- Opening Delimiter -

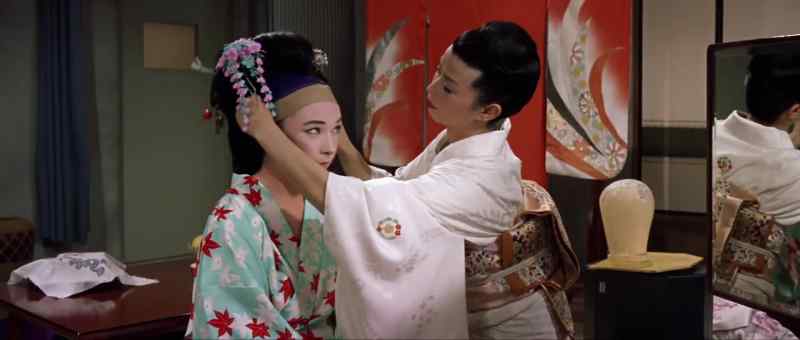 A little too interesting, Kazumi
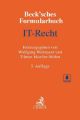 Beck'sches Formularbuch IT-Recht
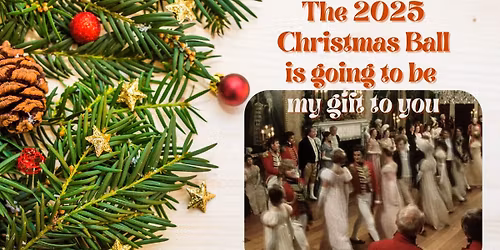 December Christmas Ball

- Closing Delimiter -
- Opening Delimiter -

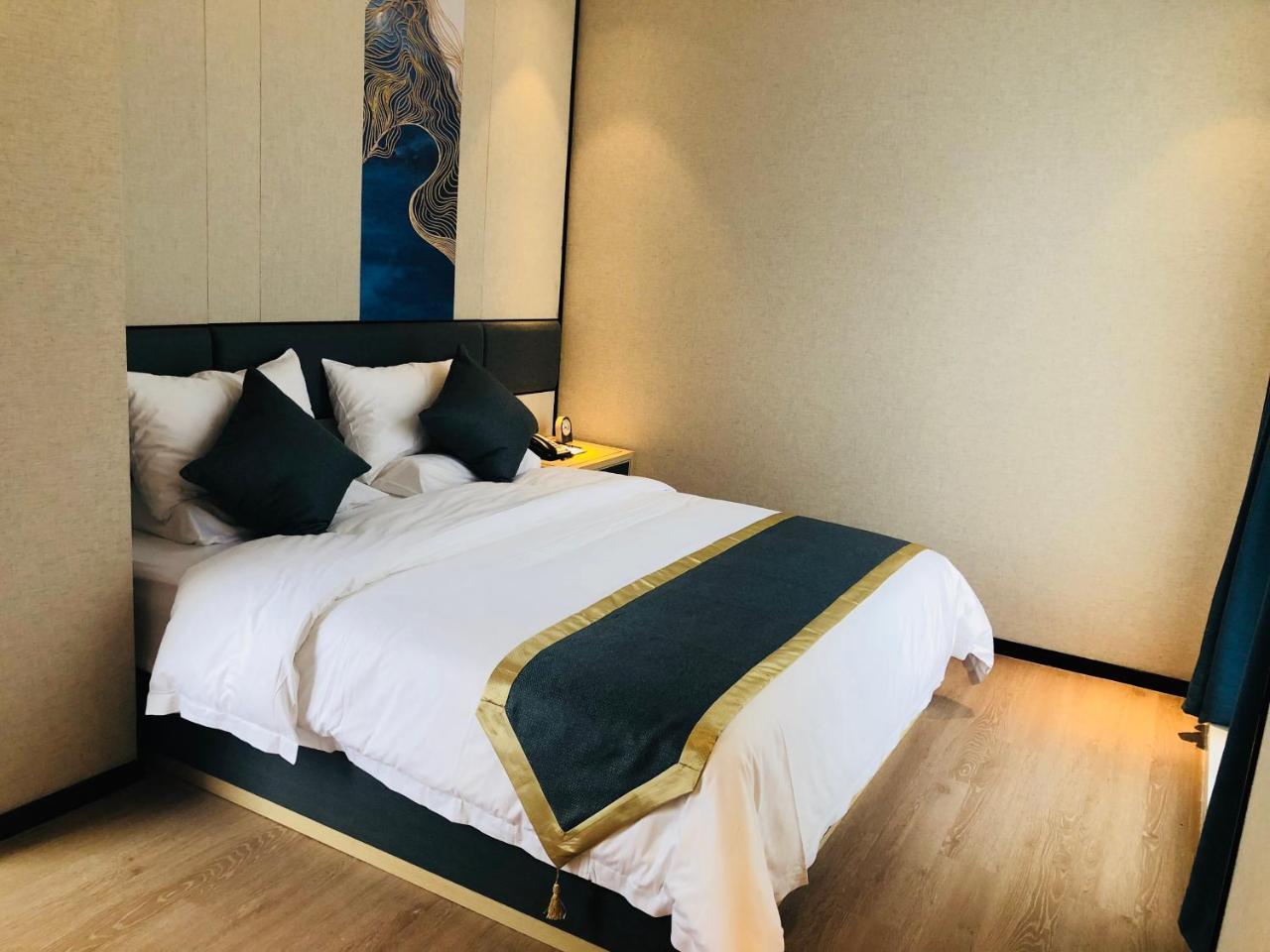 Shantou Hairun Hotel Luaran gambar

- Closing Delimiter -

How to complete this task: Both boundary lines included, write out word for word only the lines above from the one containing "Beck'sches Formularbuch IT-Recht" to the one containing "December Christmas Ball", leaving out any pictures.

Result of this exercise:
 Beck'sches Formularbuch IT-Recht
 December Christmas Ball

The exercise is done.